During the final week of the recently adjourned 2017 legislative session, the General Assembly enacted S.L. 2017-193 (H161), “Divestment from Companies that Boycott Israel.” This legislation created a new Article 6G of Chapter 147 prohibiting the investment of state funds in or governmental contracting with any company that boycotts or is involved in a boycott of the State of Israel. The prohibition is similar to the Iran Divestment Act in that state agencies and local governments are prohibited from contracting with companies identified by the State Treasurer as engaging in certain activities determined by Congress and our state legislature to be against the interests of our country and state (see this post for recent legislative changes to the Iran Divestment Act). This post discusses the new Israel boycott contracting prohibition which went into effect when the legislation became law on July 27, 2017. Although the new law is in effect now, local governments should not worry about complying with it just yet – it will be several months before compliance requirements are triggered.
The Divestment From Companies Boycotting Israel Act (the Act) imposes two prohibitions. First, the Treasurer is prohibited from investing any state funds in any company that boycotts the State of Israel. Second, state agencies and local governments cannot contract with a company that boycotts the State of Israel. This post answers questions raised by the contracting prohibition.
Which companies are covered under the Act and how will local governments know?
The State Treasurer has the responsibility under the Act to determine which companies boycott or are involved in the boycott of Israel. The term “company” is broadly defined to include business and commercial enterprises as well as associations and other organizations. To boycott or be involved in the boycott of Israel means “engaging in refusals to deal, terminating business activities, or taking actions that are intended to penalize, inflict economic harm, or otherwise limit commercial relations specifically with Israel, or persons or entities doing business in Israel or in Israeli‑controlled territories” (GS 147‑86.80(2)). Excluded from this definition are ordinary business decisions or actions with an economic impact of less than twenty million dollars ($20,000,000) in a 12‑month period.

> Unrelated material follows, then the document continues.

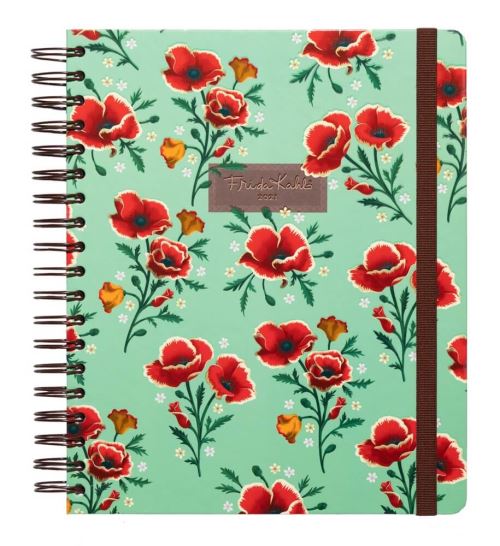 Agenda Scolaire 2020/2021 Big Size Semainier Frida Kahlo By Kokonote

The State Treasurer is charged with the responsibility of developing and publishing a list of companies that meet this definition (GS 147‑86.80(a)(1)). The Treasurer’s Office publishes the list on its website as it does with companies it has identified under the Iran Divestment Act. Only companies included on the Treasurer’s Israel boycott list are considered “restricted companies” under the Act and thus are subject to the contracting prohibition.
It is clear from the Act that state agencies and local governments are not responsible for and have no role in determining whether particular contractors are within the prohibition. Simply put, if a company is on the Treasurer’s Israel boycott list, a state agency or local government cannot contract with that company. If the company is not on the Treasurer’s list, the prohibition does not apply. It is the Treasurer’s list – and only this list – that determines which companies fall within the scope of the prohibition.
What units of government are subject to the contracting prohibition?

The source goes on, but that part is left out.